Uma política de planeamento das costas deverá também ter em
consideração a necessidade de sanear o meio costeiro,
eliminando as fontes de poluição industrial ou urbano.
Deve também respeitar o ambiente, muitas vezes desfigurado por
um urbanismo descontrolado. (...)
O Conselho da Europa, numa resolução votada em 1993, convidou
os Estados membros a constituir uma Agência Marítima Europeia,
encerregada de coordenar iniciativas que contribuam para que a
Europa consiga atingir progressivamente uma concepção coerente
de uma política marítima, definindo os seus objectivos e os
meios necessários para os atingir, no quadro de uma necessária
abordagem interdisciplinar e intersectorial.
_____
Da protecção dos
oceanos ao avanço da ciência
A Conferência Parlamentar sobre os Oceanos realizada faz hoje oito dias em La Villette, Paris, por iniciativa do Conselho da Europa, desenvolveu-se em três painéis temáticos. Após a sessão de abertura, na qual interveio Mário Soares, na qualidade de presidente da comissão mundial independente sobre os oceanos, iniciaram-se os trabalhos sobre o primeiro tema, subordinado à protecção dos oceanos e cooperação internacional. A questão dos recursos biológicos marinhos foi o segundo tema proposto à discussão dos participantes num painel em que interveio o deputado comunista Lino de Carvalho, que apresentou o relatório sobre esta matéria por si elaborado a pedido da Assembleia Parlamentar do Conselho da Europa. Neste painel intervieram também os ministros da Agricultura e Pescas da França e da Islândia.

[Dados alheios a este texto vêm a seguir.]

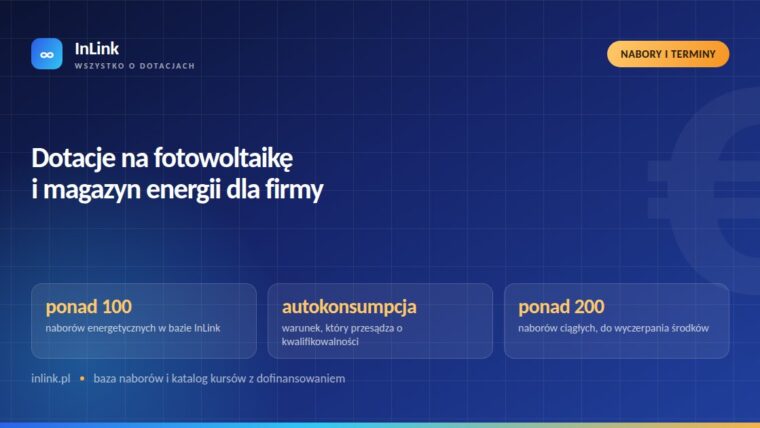 Dotacje na fotowoltaikę i magazyn energii dla firmy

Os maiores desafios da ciência e tecnologia do mar na Europa foram, por sua vez, o tema que preencheu o terceiro painél, no qual intervieram o ministro português da CIência e Tecnologia, Mariano Gago e o deputado Pedro Roseta.

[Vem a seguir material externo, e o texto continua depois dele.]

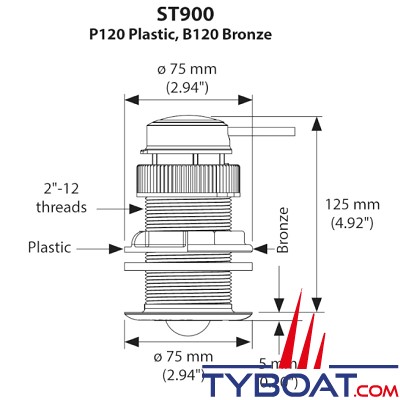Raymarine - Sonde traversante plastique ST900 - Loch/Speedo/Temp pour ST40/i40/ST60/ ST60+/i50/ ST70/ITC-5 avec câble 20 m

Está entretanto já agendada uma outra reunião, na sequência desta Conferência Parlamentar, a realizar em Lisboa, em 31 de Agosto e 1 de Setembro, após o que, em Setembro, em sessão plenária do Conselho da Europa, haverá lugar ao debate e votação final do relatório elaborado por Lino de Carvalho, no âmbito do Ano Internacional dos Oceanos.
Entretanto, o Grupo Parlamentar do PCP tem já agendado para o próximo dia 27 de Abril, na Assembleia da República, um colóquio sobre os recursos pesqueiros.